Baker Donelson Adds Republican Veteran to Lobby in New GOP Era
Jim Dyer spent more than 30 years working in the White House and Congress earlier in his career.
February 12, 2018 at 05:34 PM
3 minute read
James Dyer of Baker Donelson.
Baker, Donelson, Bearman, Caldwell & Berkowitz's government relations and public policy group has added James Dyer, a lobbyist who spent more than 30 years working in the White House and Congress earlier in his career.
As a senior adviser at Baker Donelson, Dyer will draw on several decades of government experience, including service in the House Appropriations Committee and work as deputy legislative affairs assistant for former Presidents Ronald Reagan and George H. W. Bush.
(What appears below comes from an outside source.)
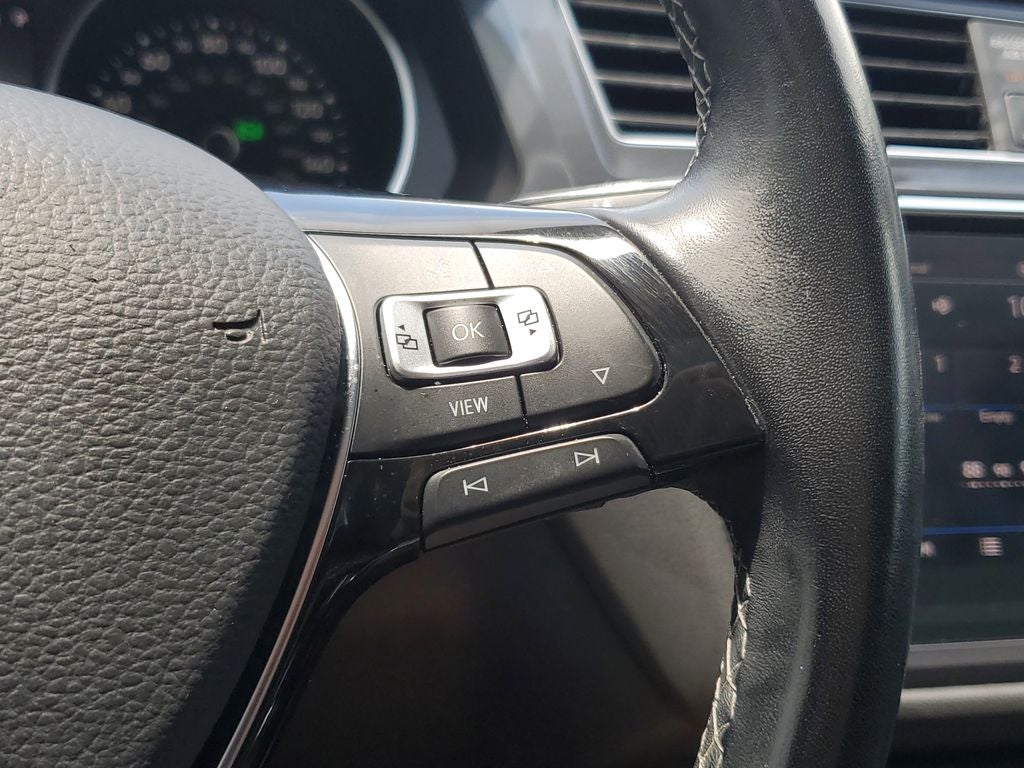 2021 Volkswagen Tiguan 2.0T SE R-Line Black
Dyer, who is not a lawyer, will work mainly with Baker Donelson's clients in the defense, foreign policy and research sectors.
Dyer told The National Law Journal he thought President Donald Trump had not quite “drained the swamp” in Washington, D.C., as the president promised on the campaign trail, and he jokingly called himself a “swamp rat.”
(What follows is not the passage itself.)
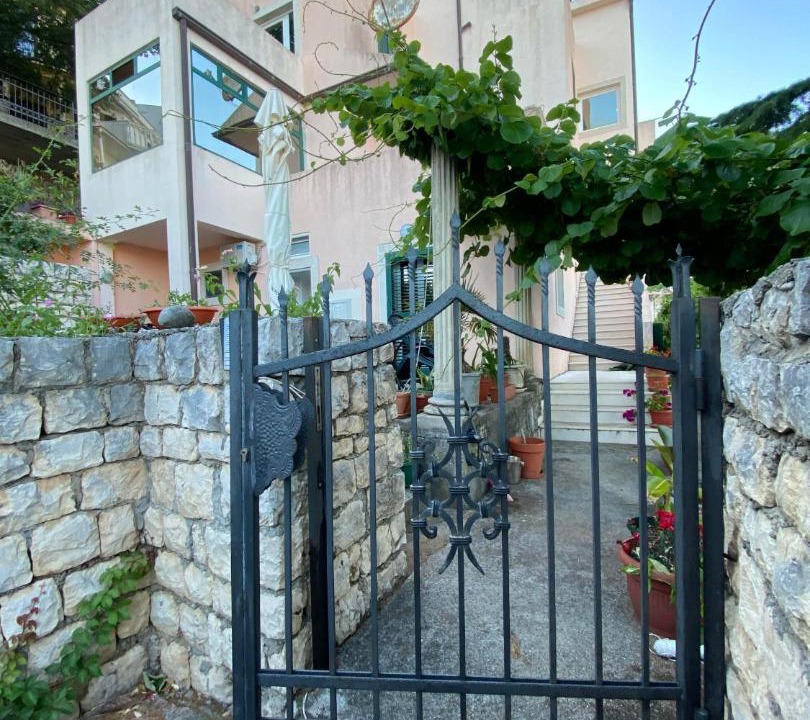 Photo of Others in Petrovac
“I've been a Republican all my life, but sometimes if you listen to me you can't tell,” Dyer said.
He said GOP governance under Trump, House Speaker Paul Ryan and Senate Majority Leader Mitch McConnell is a “totally different ball game” than when he arrived in Washington 47 years ago from the Northeast.
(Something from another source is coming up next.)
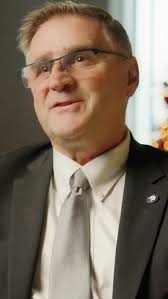 Get to know the new IBEW International President, Kenny Cooper! IP Cooper  started his IBEW apprenticeship in 1985 with Local 688 out of Mansfield,  Ohio. By 1993 IP Cooper was leading the local as the ...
In the ensuing years, Dyer said the Republican Party lost its centrist lawmakers shortly before the Democrats' own centrist members lost power.
The polarization of national politics has made Dyer's job harder, he said. Government shutdowns and the threat of them are bad for business, as Dyer said his practice only does well when the appropriations process is working.
Dyer previously worked at the Podesta Group, before joining former Podesta Group chief executive Kimberley Fritts and several other Podesta alums when Fritts launched a new lobbying outfit, Cogent, late last year.
Dyer then chose to join Baker Donelson after considering various options at three or four other firms and the possibility that he could slowly retire. In the end, Dyer said he opted to join Baker Donelson because of his personal relationships spanning four decades with those working at the firm. Dyer worked with the late Howard Baker, the firm's namesake, when Baker served as Reagan's chief of staff in 1987.
With the midterm elections fast approaching and Republicans fretting over their majority in Congress, Dyer said he expected GOP lawmakers to want to spend as much time outside Washington as possible. But while he thinks the immediate threat of future federal government shutdowns in the Trump era could diminish because he views it as a “net loser” for both political parties, he said he doesn't expect the government to stop lurching from one calamity to the next anytime soon.
“I have no reason to think this won't continue,” Dyer said.